WHAT IS BEING ASKED —
The number of lines below holding the string "Glass" is the only answer wanted.

RECORDS SUPPLIED —

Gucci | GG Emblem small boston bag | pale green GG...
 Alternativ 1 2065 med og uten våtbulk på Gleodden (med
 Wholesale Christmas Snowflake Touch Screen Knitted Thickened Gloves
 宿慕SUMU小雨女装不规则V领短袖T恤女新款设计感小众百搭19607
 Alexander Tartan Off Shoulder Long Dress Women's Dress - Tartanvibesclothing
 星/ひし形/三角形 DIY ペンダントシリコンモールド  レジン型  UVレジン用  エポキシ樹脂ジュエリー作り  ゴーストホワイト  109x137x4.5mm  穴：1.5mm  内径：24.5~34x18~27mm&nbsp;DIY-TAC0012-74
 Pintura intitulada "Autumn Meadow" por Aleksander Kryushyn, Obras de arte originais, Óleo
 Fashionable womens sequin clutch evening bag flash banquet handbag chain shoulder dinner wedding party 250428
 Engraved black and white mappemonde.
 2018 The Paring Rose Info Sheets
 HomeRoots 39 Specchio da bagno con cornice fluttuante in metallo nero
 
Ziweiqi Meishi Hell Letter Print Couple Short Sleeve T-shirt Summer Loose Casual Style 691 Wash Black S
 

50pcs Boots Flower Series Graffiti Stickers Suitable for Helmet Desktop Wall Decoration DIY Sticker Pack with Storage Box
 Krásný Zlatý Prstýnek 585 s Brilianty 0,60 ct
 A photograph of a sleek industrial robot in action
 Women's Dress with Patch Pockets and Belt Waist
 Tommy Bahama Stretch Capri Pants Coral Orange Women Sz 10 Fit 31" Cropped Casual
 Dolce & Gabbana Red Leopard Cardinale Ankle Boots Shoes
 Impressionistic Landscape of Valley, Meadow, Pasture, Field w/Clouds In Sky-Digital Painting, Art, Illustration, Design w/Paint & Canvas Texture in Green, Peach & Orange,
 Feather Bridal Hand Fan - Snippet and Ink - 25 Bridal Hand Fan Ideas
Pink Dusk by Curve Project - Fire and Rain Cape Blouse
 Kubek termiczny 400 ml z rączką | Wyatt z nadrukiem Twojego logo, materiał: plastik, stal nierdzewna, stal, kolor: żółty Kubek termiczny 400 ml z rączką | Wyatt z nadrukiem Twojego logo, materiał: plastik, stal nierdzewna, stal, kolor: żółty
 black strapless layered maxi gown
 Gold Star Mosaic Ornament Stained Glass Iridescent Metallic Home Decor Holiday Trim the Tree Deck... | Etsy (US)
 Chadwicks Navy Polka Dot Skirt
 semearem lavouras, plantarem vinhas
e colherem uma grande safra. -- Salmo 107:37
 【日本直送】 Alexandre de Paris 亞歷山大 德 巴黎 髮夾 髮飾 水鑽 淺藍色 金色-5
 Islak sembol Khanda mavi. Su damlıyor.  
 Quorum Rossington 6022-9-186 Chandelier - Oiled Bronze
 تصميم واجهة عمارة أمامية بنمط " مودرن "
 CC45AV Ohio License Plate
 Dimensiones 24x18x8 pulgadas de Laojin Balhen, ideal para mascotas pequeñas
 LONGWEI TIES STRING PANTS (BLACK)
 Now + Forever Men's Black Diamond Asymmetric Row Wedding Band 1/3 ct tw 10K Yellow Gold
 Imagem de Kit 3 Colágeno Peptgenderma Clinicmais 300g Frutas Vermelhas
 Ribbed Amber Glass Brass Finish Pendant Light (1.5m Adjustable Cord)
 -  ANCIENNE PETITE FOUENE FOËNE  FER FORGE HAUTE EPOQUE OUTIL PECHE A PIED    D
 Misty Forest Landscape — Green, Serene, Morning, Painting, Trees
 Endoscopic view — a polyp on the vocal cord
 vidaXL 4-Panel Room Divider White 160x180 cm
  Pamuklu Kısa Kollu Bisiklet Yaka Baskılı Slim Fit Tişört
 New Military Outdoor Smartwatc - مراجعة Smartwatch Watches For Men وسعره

SOLUTION —
2